Mataram (globalfmlombok.com) – Setelah sempat disetop oleh Menteri Energi dan Sumber Daya Mineral (ESDM), dua perusahaan tambang di NTB kini memenuhi persyaratan agar memperolah izin operasional. Satu di antaranya telah menyelesaikan kewajiban administrasi, sementara lainnya masih berproses memenuhi persyaratan untuk pencabutan status suspend dari pemerintah pusat.
Kepala Dinas Energi dan Sumber Daya Mineral (ESDM) NTB, Samsudin mengatakan, sebanyak lima tambang yang disetop operasionalnya oleh Menteri ESDM. Mereka adalah PT Anugrah Mitra Graha (AMG), PT Bintang Bulaeng Perkasa, PT Indotan Lombok Barat Bangkit, PT Sumbawa Jutaraya, dan PT Tambang Sukses Sakti.
Dari kelima tambang itu, satu sudah mendapatkan izin operasional kembali, yaitu PT Sumbawa Jutaraya (SJR) yang beroperasi di Kecamatan Ropang, Sumbawa.
“Ini salah satu yang kena suspend kemarin. Dari lima yang disetop, sekarang ada dua atau tiga yang masih proses. Kalau PT TNR sudah selesai bayar semua kewajiban, makanya bisa langsung beraktivitas lagi,” ujarnya, Selasa, 4 November 2025.
Sementara, dua perusahaan yang kini tengah mengurus izin agar mendapat izin operasional adalah PT Indotan dan PT AMG. Keduanya telah berkoordinasi dengan pemerintah pusat untuk memenuhi seluruh persyaratan administrasi dan teknis sesuai ketentuan perundang-undangan.

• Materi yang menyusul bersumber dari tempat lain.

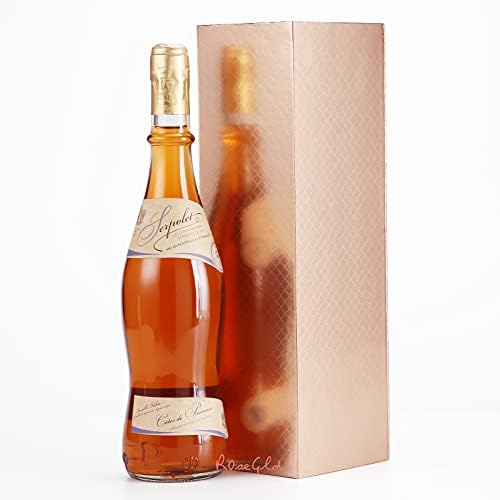 ROSEGLD 2 Şarap Hediye Kutusu 13x4.1x3. 8 inç, Likör ve Şampanya için Şişe Hediye Kutuları, Manyetik Kapaklı Katlanabilir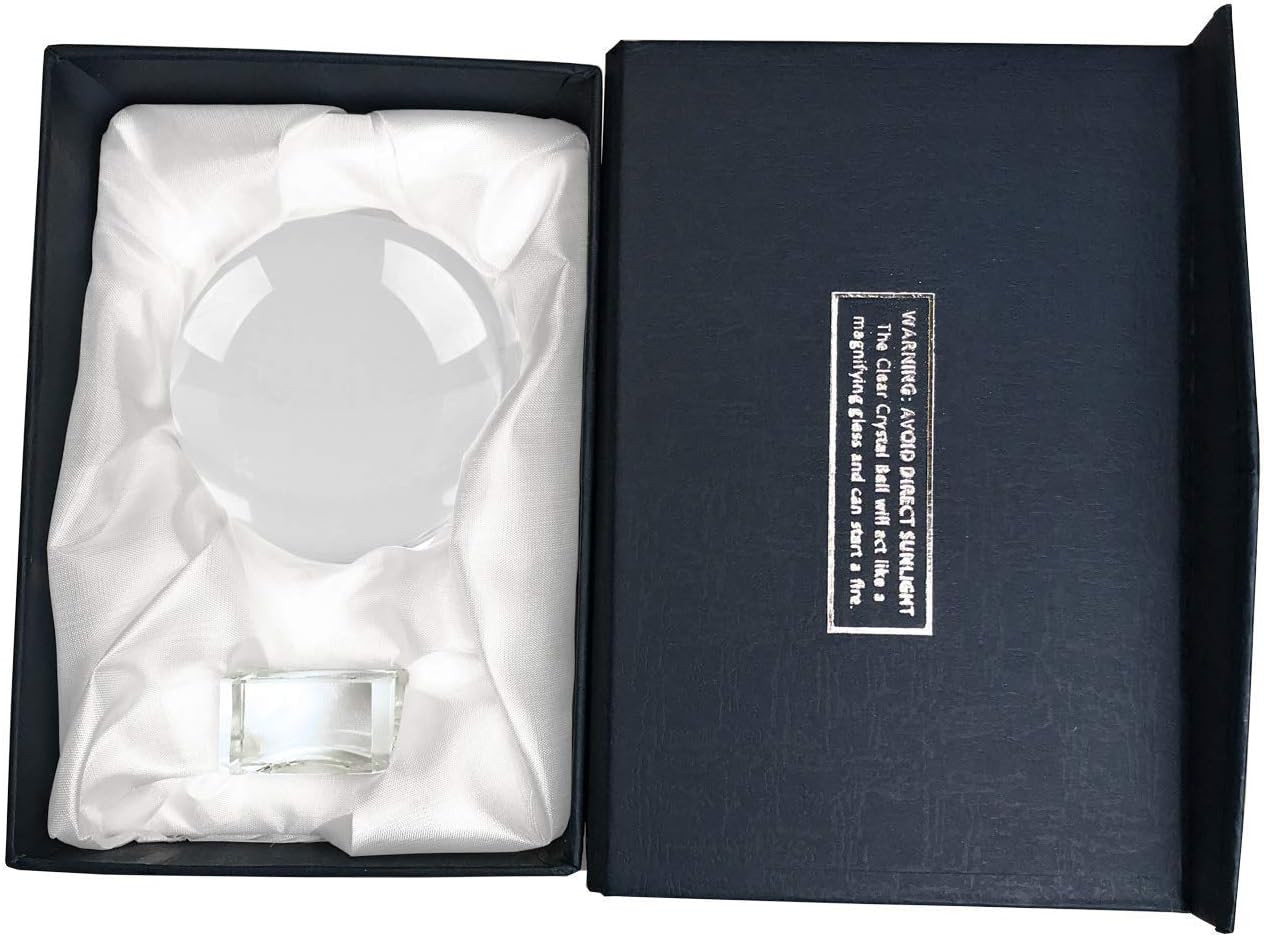 Amlong Crystal Bola de cristal K9 de meditación de 3.25 pulgadas (3.150 in) de diámetro para fotografía, bola de lentes, bola decorativa con soporte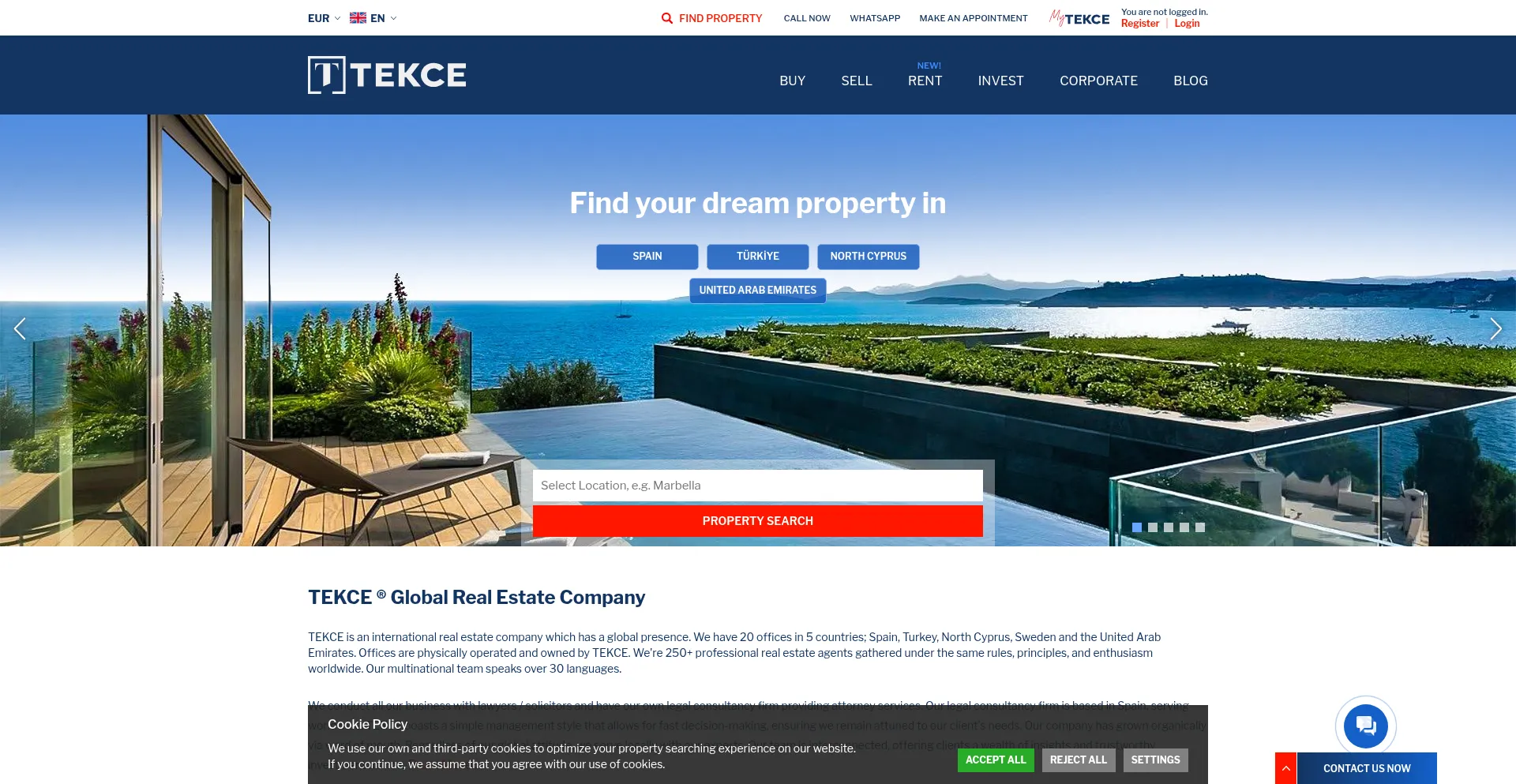 Website screenshot of Tekce.com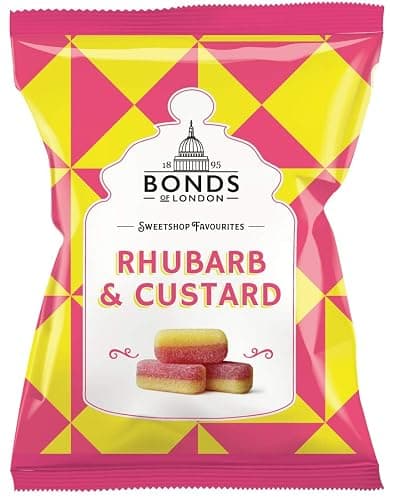 Original Bonds London Rhubarb & Custard Bag Sugar Coated Rhubarb & Vanilla Flavored Boiled Sweets Imported From The UK The Best Of British Candy - Image 1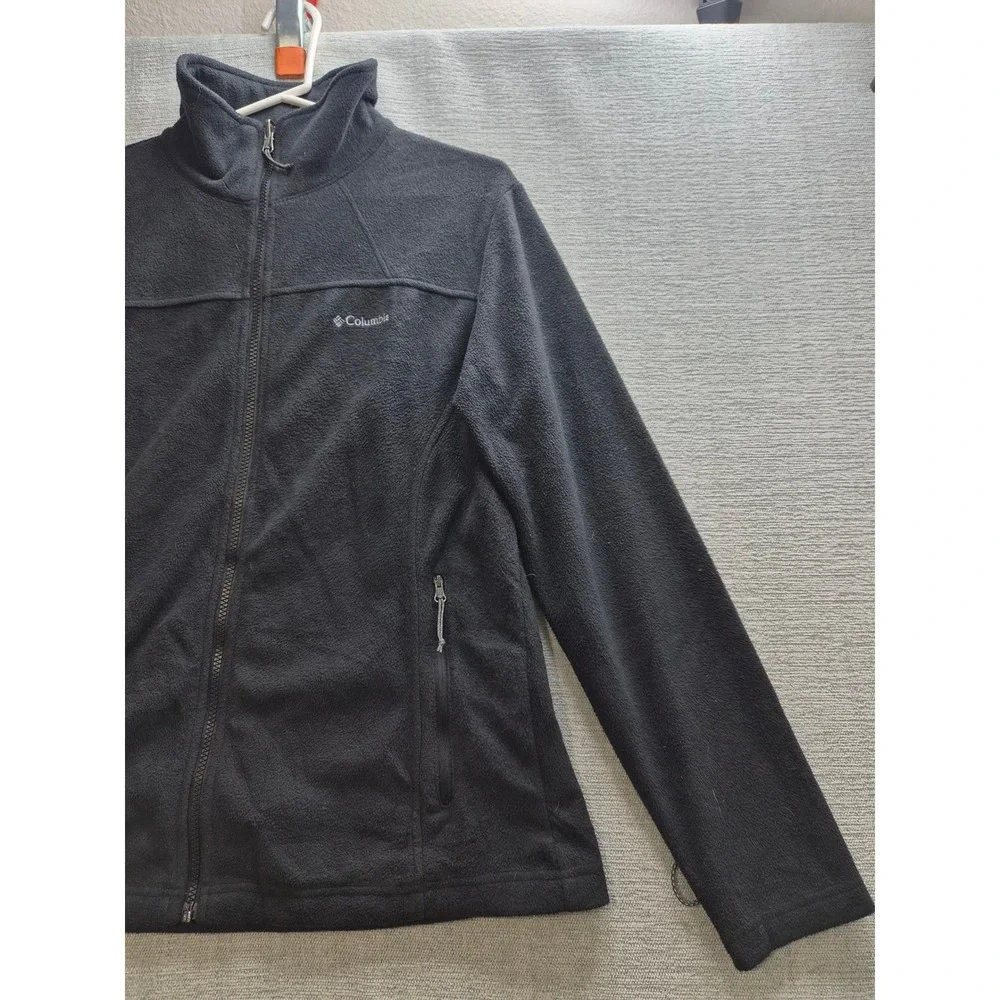 Columbia Interchange Fast Trek II Fleece Jacket Women L Black Mock Neck Full Zip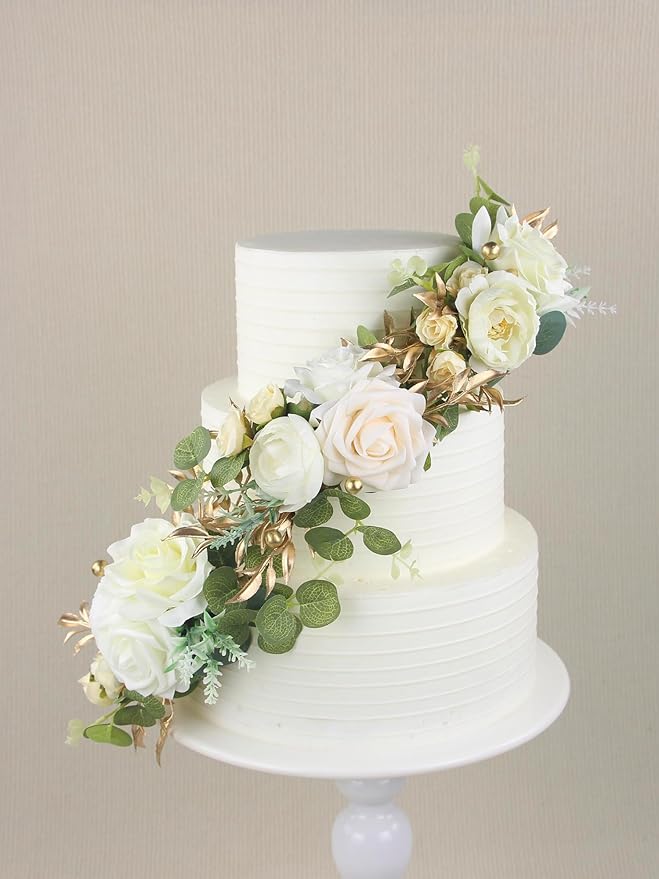 Rinlong 3Pcs Pre-made Cake Toppers Flowers Cake Decorations Wedding Cake - Image 6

“PT Indotan dan PT AMG ini lagi proses. Mereka sudah bertemu dengan pihak kementerian di Jakarta untuk melengkapi syarat agar suspend bisa dicabut,” lanjutnya.
Persoalan Izin dan Hukum
Menyinggung soal PT AMG yang sempat diusut oleh Aparat Penegak Hukum (APH) dan telah ditetapkan tersangka pada kasus pasir besi, Samsudin menegaskan persoalan izin dan hukum merupakan dua hal yang berbeda.
“Kalau masalah hukum, itu urusannya aparat penegak hukum (APH). Tapi kalau perizinan, itu tanggung jawab kementerian. Semua kewajiban dalam IUP, baik operasi produksi maupun eksplorasi, harus dipenuhi dulu untuk bisa diperpanjang. Kalau tidak, tetap di-suspend atau dicabut izinnya,” jelasnya.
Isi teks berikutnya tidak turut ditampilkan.